**What you have to do:**
Look through the entries below, please, and copy every line with the word "Used".

------ Dataset records ------

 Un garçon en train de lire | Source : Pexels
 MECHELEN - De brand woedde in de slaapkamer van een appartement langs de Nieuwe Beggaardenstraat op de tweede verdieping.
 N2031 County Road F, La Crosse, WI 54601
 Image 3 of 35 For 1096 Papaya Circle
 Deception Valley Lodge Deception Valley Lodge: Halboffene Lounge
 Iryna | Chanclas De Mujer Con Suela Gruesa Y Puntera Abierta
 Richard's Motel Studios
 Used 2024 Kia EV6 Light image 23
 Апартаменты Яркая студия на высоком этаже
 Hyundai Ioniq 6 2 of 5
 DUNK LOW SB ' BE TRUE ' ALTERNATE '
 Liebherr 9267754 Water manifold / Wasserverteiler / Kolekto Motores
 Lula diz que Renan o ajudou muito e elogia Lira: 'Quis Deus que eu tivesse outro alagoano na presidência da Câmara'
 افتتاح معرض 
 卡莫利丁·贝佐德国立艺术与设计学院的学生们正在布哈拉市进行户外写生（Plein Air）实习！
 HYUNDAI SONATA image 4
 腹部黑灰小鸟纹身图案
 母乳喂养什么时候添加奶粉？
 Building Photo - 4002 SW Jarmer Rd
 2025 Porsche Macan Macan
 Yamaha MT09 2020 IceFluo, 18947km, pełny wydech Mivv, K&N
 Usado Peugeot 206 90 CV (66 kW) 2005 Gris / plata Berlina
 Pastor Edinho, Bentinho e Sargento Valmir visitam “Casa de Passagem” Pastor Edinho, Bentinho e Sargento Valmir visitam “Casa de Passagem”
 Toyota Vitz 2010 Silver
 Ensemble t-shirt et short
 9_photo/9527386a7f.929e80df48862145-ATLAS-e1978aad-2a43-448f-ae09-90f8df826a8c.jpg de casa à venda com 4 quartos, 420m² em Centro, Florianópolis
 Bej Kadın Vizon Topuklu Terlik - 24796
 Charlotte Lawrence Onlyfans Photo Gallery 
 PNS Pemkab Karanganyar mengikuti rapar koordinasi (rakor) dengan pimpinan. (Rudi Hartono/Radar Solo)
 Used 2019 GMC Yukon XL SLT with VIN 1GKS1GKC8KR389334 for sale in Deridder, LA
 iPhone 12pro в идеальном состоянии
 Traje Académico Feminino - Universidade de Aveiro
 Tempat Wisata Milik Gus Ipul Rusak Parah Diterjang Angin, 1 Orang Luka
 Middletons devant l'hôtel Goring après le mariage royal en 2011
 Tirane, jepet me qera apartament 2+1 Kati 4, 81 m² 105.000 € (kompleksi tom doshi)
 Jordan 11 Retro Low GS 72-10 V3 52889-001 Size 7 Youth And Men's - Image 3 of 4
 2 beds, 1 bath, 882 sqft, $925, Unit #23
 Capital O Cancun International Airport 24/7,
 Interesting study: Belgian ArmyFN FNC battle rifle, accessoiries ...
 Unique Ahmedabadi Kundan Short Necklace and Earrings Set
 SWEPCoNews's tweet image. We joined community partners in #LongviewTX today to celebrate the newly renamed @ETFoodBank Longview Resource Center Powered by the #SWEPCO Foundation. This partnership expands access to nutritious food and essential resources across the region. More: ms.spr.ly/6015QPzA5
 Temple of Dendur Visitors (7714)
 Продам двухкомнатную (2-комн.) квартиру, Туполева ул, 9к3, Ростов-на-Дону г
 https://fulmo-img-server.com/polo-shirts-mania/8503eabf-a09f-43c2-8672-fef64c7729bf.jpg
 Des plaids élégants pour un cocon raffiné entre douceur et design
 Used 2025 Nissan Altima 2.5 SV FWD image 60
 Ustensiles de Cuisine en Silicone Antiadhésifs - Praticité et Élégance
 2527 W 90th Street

------

**Worked solution:**
 Used 2024 Kia EV6 Light image 23
 Used 2019 GMC Yukon XL SLT with VIN 1GKS1GKC8KR389334 for sale in Deridder, LA
 Used 2025 Nissan Altima 2.5 SV FWD image 60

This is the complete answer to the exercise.